A multidão que pedala e forma congestionamentos nas cidades da Holanda e da Dinamarca não usa capacete (o uso é esporádico, mais comum entre crianças). Seriam eles europeus loucos e radicais, sem cuidado com a própria segurança?
Ciclistas em Amsterdã
Considerando nosso contexto urbano, bastante voltado ao rei automóvel, em que se destacam o alto limite de velocidade e as grandes obras de ampliação viária, com construção de túneis e viadutos na busca insana por fluidez motorizada, a busca de segurança por meio de acessórios apenas retira o foco das reais causas de insegurança.
Os próprios órgãos de trânsito disseminam a imagem da bicicleta como algo inseguro (com ciclistas na cidade equipados com luvas, joelheiras, cotoveleiras e capacete), em vez de ressaltar os inúmeros benefícios da bicicleta e de garantir um ambiente humanizado e atrativo para mais pessoas de bicicleta (ou a pé, de patins ou patinete).
Ilustração no material Paz e Cidadania no Trânsito, do Governo do Distrito Federal
Devemos lutar pela humanização das cidades, por um ambiente urbano que seja favorável às pessoas. Em vez de vias largas e de alta velocidade, vias com limite reduzido de velocidade e com justa distribuição do espaço: faixas com prioridade ao transporte coletivo; calçadas; ciclovia, ciclo faixa ou compartilhamento seguro, com sinalização.
Num país em que o aspirante a motorista faz um teste simples para dirigir (ou seria para pilotar?) e se transforma num autêntico pateta, mirando pedestres e ciclistas, não há capacete que proteja, por melhor e mais caro que seja. Numa colisão envolvendo pedestre ou ciclista e um motorista a 80 km/h, não sobra nada.
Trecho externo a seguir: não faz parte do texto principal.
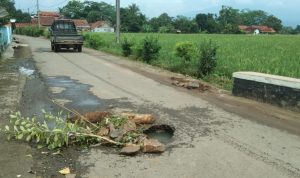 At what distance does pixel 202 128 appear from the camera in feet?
24.5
Há que se considerar que estamos num dos países com maior desigualdade social. Muitos usam a bicicleta não por opção, mas por obrigação, para poupar a passagem de ônibus e sobrar um trocado a mais no fim do mês. Muitas vezes, o principal acessório de proteção/conforto é um par de chinelos. Como exigir que esses trabalhadores passem a usar capacete?
Trabalhadores usuários de bicicleta
Mesmo se a obrigatoriedade do capacete fosse algo louvável, uma tendência mundial com evidências claras de promoção da segurança, ficaria a dúvida quanto à efetividade da lei. Temos as famosas leis que não pegam. Haveria campanhas educativas voltadas ao uso do capacete? Haveria fiscalização para garantir o cumprimento? Haveria programas para distribuir gratuitamente os cascos aos ciclistas de baixa renda?
Levando-se em conta a escassez de recursos, a grave crise económica e orçamentaria, há que se priorizar os investimentos.
Qual seria a melhor opção: investir na obrigatoriedade e na compra de capacetes, em educação e fiscalização do uso de capacete; ou investir em infraestrutura (ciclovias, ciclo faixas e bicicletários) e em programas de humanização, que incluam redução da velocidade e melhor formação dos motoristas, por exemplo?
As consequências jurídicas da obrigatoriedade do capacete devem ser ressaltadas.
Se já há certa angústia em relação à impunidade e às penas brandas nos crimes de trânsito, imagine se os motoristas envolvidos em atropelamento puderem se defender com base no fato de a vítima estar sem o capacete como item obrigatório de segurança.
Lembremos que a indústria automotiva tem forte peso, a ponto de influenciar as leis e as ações governamentais (ex.: isenção de IPI ao sector automotivo; obras rodoviárias) e de inundar as ruas e os jornais com anúncios diariamente.
A bandeira da obrigatoriedade do capacete ajusta-se bem aos interesses do setor automotivo, de pôr uma armadura nos demais usuários da via a fim de minimizar impactos contra as máquinas possantes com alta tecnologia a bordo.